You say you want a revolution?

On one wall of the set for Terry Guest’s Marie Antoinette and the Magical Negroes, now in a local premiere with Story Theatre under Guest’s direction, a large sign tells us “THIS IS NOT HISTORY.” True: what Guest’s skillfully rendered sardonic political comedy offers is a funhouse view (with not always so much fun, given the subject matter) of how oppression leads to resistance, and resistance can lead to bloodshed, and bloodshed can lead to freedom. Which in turn can only be maintained with constant vigilance and balancing of countervailing forces, lest the oppressed become the oppressors.

Marie Antoinette and the Magical Negroes
Through 7/17: Thu-Sat 7:30 PM, Sun 3 PM; Raven Theatre, 6157 N. Clark, 773-338-2177, thestorytheatre.org, $20 ($10 students, active military, and veterans)

The main attraction in this carnival of carnage is, as the title indicates, the French Revolution.

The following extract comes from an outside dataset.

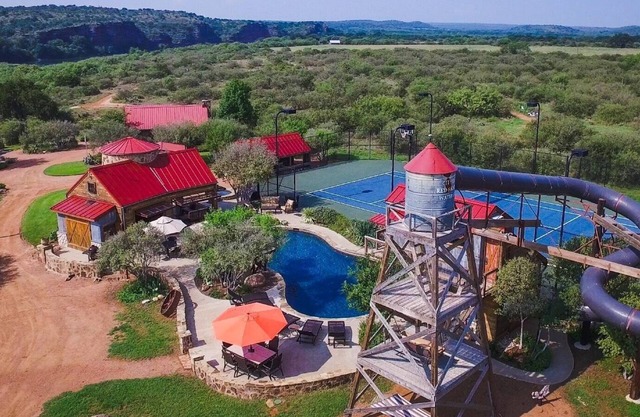 Red Sands Ranch Resort - Private Riverfront, 4-Story Water Slide, Airstrip!
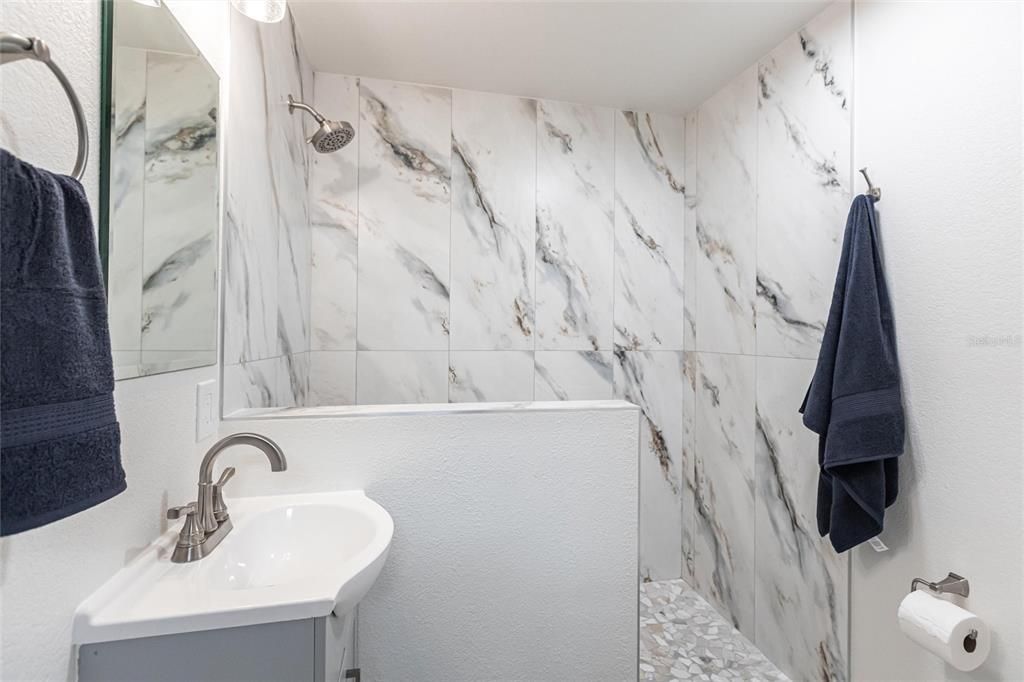 For Rent: $7,200 (3 beds, 3 baths, 1841 Square Feet)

But the time-traveling band of Black players in Guest’s story (who are identified in the program with names indicative of racist stereotyping—Jim Crow, Mammy, Sapphire, Sambo, and Savage—also take us to the JFK assassination, the 1992 LA rebellion, and the Haitian revolution, which took place simultaneously with the unrest in France. 

Brenna DiStasio’s Marie laments over her gilded-cage Versailles life that renders her what Maya Vinice Prentiss’s lady-in-waiting Charlotte (who soon joins the revolutionaries) calls “a symbol of a woman, more than a woman.” David Stobbe’s in-over-his-soon-to-be-removed-head Louis XVI reminisces about the glory days of his father’s reign. The servants and courtiers plot, negotiate, and turn on each other as well as the monarchs. A guest appearance by Ida B. Wells (Amber Washington) advocates the power of the pen to fight white supremacy, while Toussaint Louverture (Danyelle Monson) relishes describing the vengeance wreaked on colonizing slavers in Haiti. 

It’s a smart, dizzying show that feels particularly urgent now. Guest and his ensemble (which also includes Keith Illidge and Nathaniel Andrew) negotiate the hairpin turns in tone from high farce to hushed sorrowful tragedy. Guest isn’t the first to write about the unintended perils of uprisings, but he and Story Theatre have found a fresh and compelling way to revisit the evergreen topic.